The next wave of challengers concentrated on putting the customer at the centre of their communications. Virgin crashed into the market in 1995 with Virgin Money, branding their high street outlets as stores, rather than branches, with a new focus on customers’ individual needs. Metro Bank arrived in 2010, introducing a softer side to the retail banking market with their mission to create “fans not customers”. Growth for these new players has not proven easy, however – Virgin Money only has 75 stores nationally, compared to Lloyds’ network of nearly 1,300 branches – and there has also been a string of banking start-ups that have failed during the same period, the most well-known of which is Prudential Banking’s internet bank, Egg, established in 1998. The costs of creating a high street presence to rival that of the big four make the direct high street challenge almost impossible, and without a high street presence to back them up, online banks have historically struggled to gain traction and retain customers for the long term.

3. Don’t talk, tap
 

A new breed of mobile-only and mobile-first banks is hoping to reverse those trends and succeed where others have struggled. And in an age where laptops are being replaced by mobile devices, where people trust new brands like never before (think Uber, Netflix and Airbnb), and where we are moving to mobile for more and more of our daily tasks and activities, these new banks may just have their timing right.

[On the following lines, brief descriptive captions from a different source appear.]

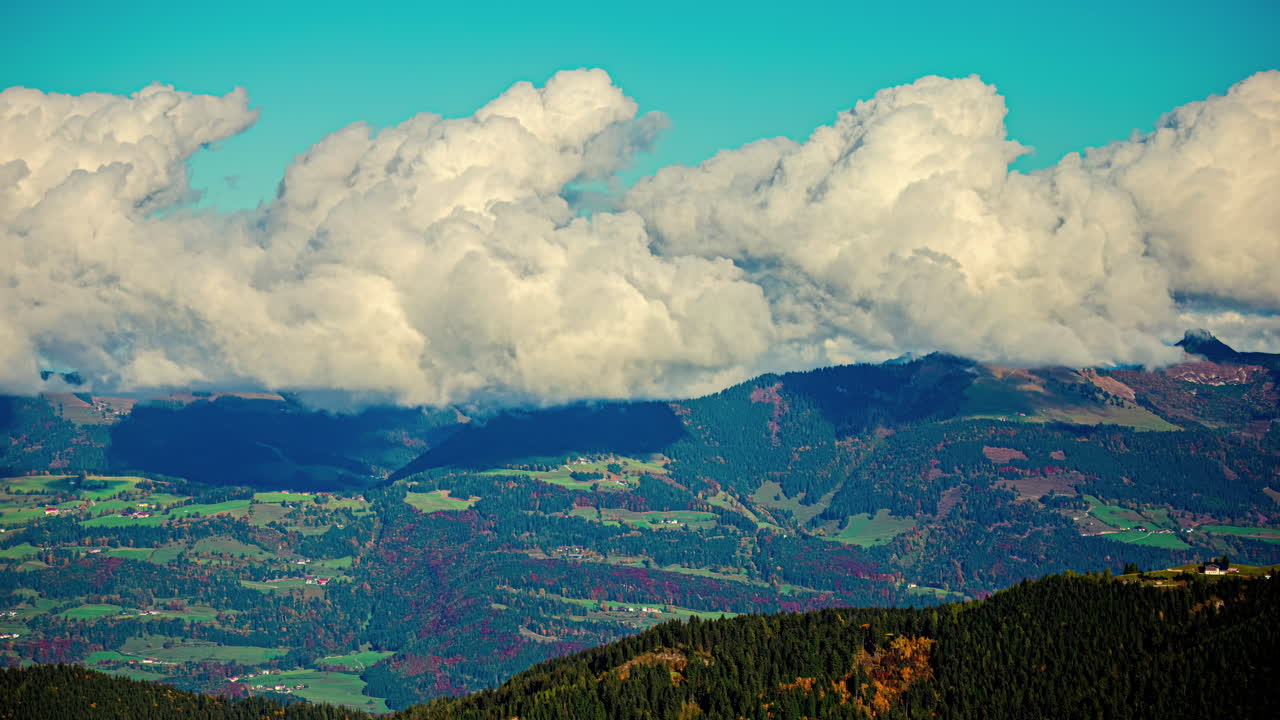 Billowing cloudscape time lapse over Austria's countryside in autumn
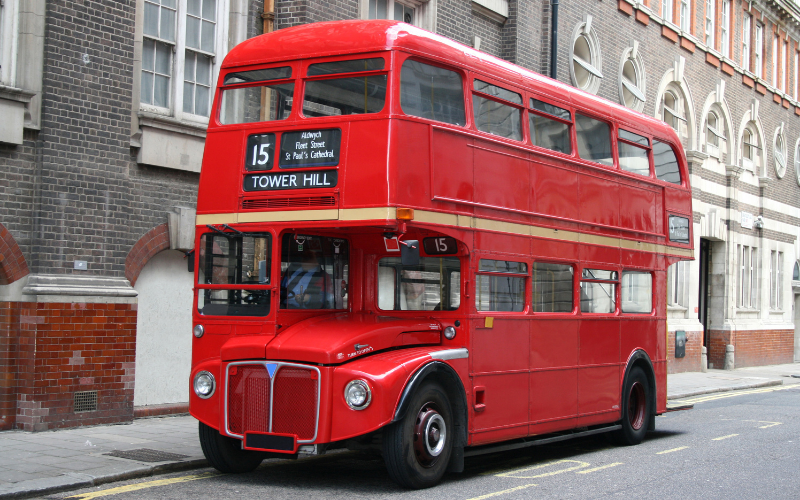 Double-decker red bus in London; taking busses is green travel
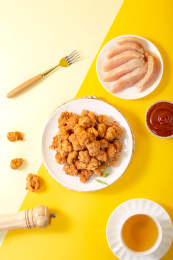 纯色背景上满满一盘油炸鸡米花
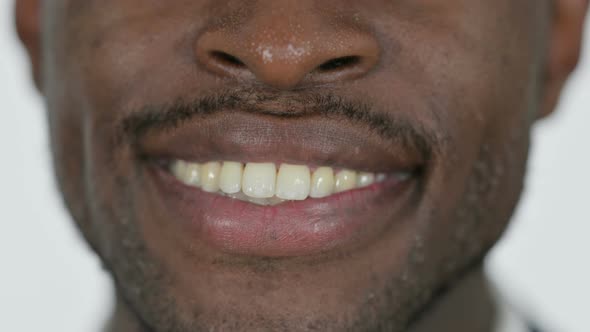 Close Up of Smiling Lips of Young African Man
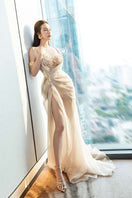 Do Long nude silk evening gown with elegant draped fabric and floor-length design, perfect for formal occasions.
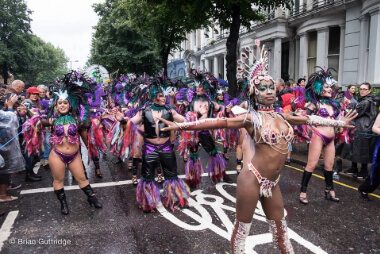 Carnival 2015 - Samba dancers with one at the front presenting her troup - Copyright Brian Guttridge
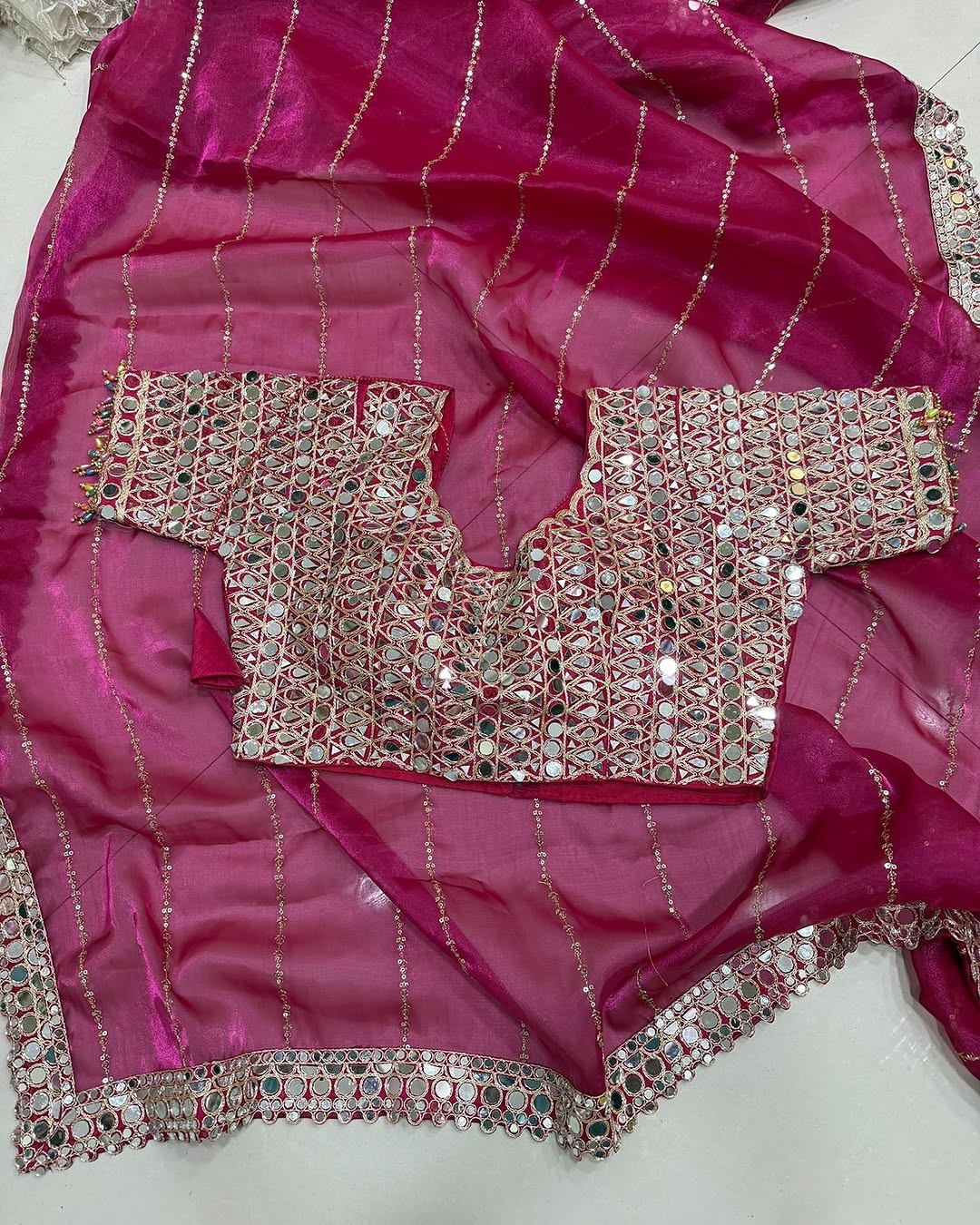 Soft satin Organza saree which is embedded with real mirror work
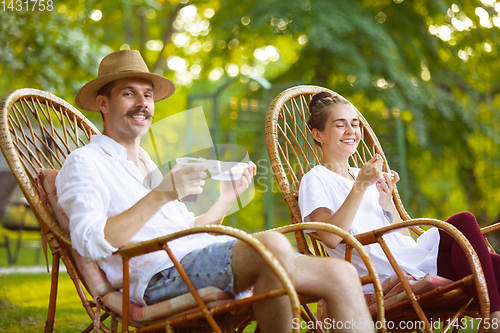 Image of Happy couple at barbecue dinner on sunset time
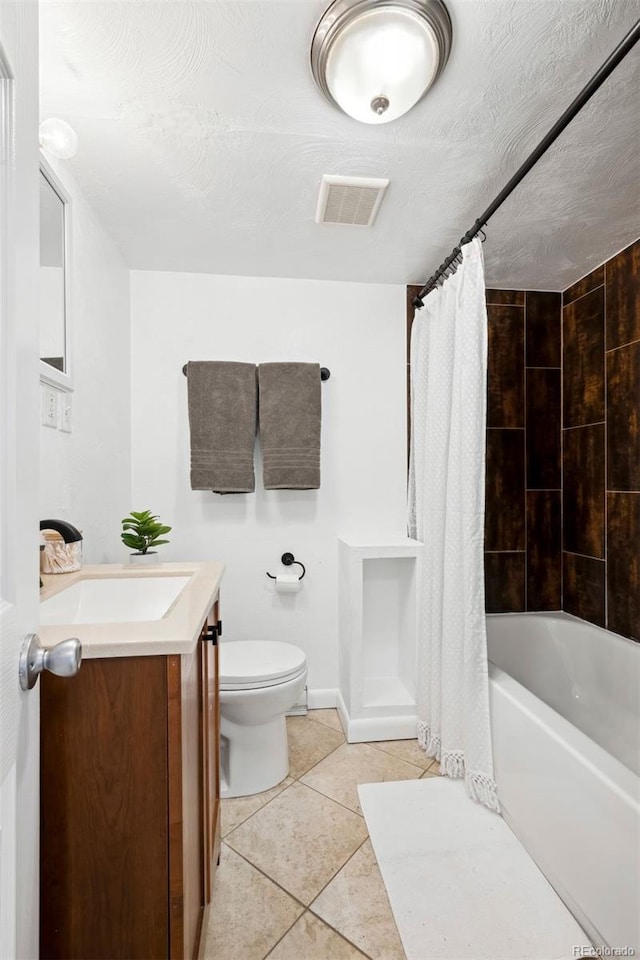full bathroom featuring visible vents, tile patterned flooring, vanity, toilet, and shower / bathtub combination with curtain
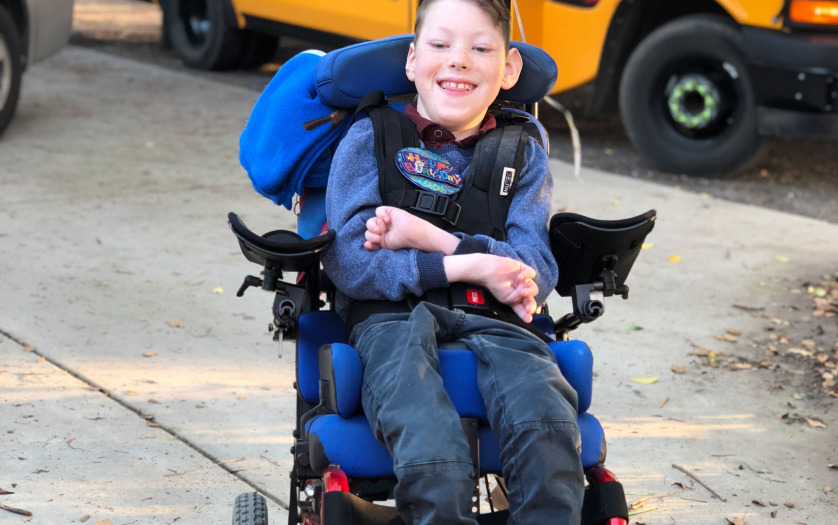 smiling boy in wheelchair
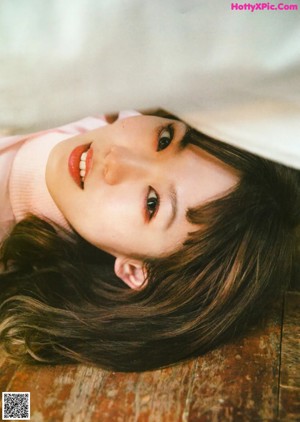 A woman laying on a bed in a beige dress.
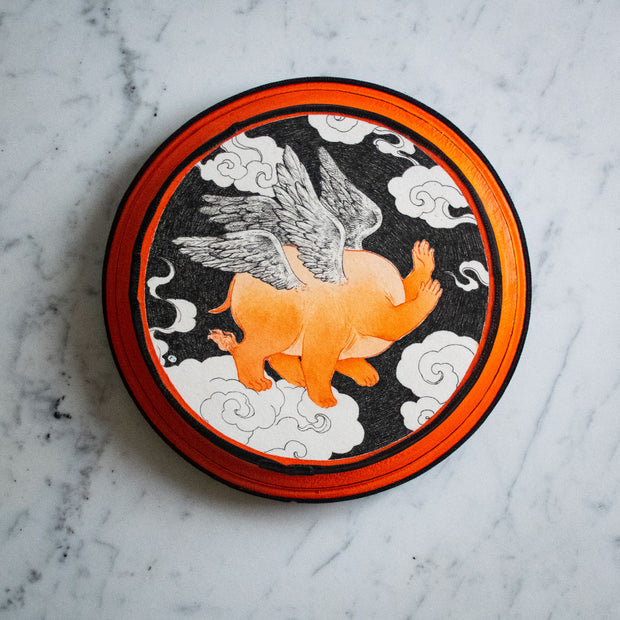 Black, white and orange illustration on a round orange and black panel. A flying creature with the body of a pig and head stands on a cloud with 6 legs and 2 pairs of wings.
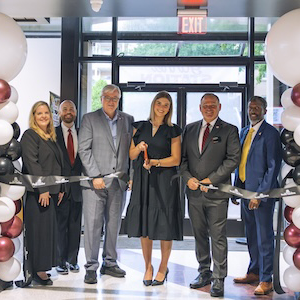 group of people under a garnet and black balloon arch cut a ribbon in a new dining facility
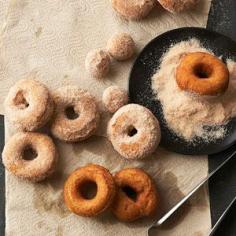 These delicious homemade doughnuts are rolled in a mixture of sugar, nutmeg, and cinnamon, complementing their pumpkin flavor.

Atom bank intends to build relationships with customers by never being more than one atom away from them, using mobile technology to enable seamless integration into everyday life. Atom, along with Starling, Fidor and Open bank, all recognise that the new age of customers demand to use services on the go. These customers live on their mobile phones and expect to be able to complete all of their transactions that way. These new players hope that customers will value the fast and convenient features and services, from biometric authentication to digital wallets, above a traditional high street presence.

This low cost-base proposition allows the mobile banks to lead with low-interest loans and high-interest savings. And the new breed is also tapping into cultural trends, such as social networking and online communities, to appeal further to today’s customers and to help them self-serve. Fidor even links its number of social followers to its interest rates, and is using a community-centric model to help enable it to serve its 300,000 customers with just 32 employees.

4. Unify to achieve scale
 

Whether the challengers succeed or not, customers will benefit from this period of market disruption, as it is forcing traditional banks to reassess their services and ensure they remain competitive. My view on the future of retail banking is ultimately one of unity. I expect there will be further challenges to the incumbent banks, but there will be two long term survival strategies: stick to a niche market, serve that market well and own the space; or work together with the traditional banks to gain scale. The incumbents will need to innovate faster and faster, but tied down by legacy systems and processes, they cannot do it alone. The challengers offer technological innovation and slick customer experience in spades, but may struggle to gain traction against customer inertia and to navigate the regulatory banking landscape. Joining forces would be mutually beneficial to both the incumbent and the start-up – and ultimately the customer.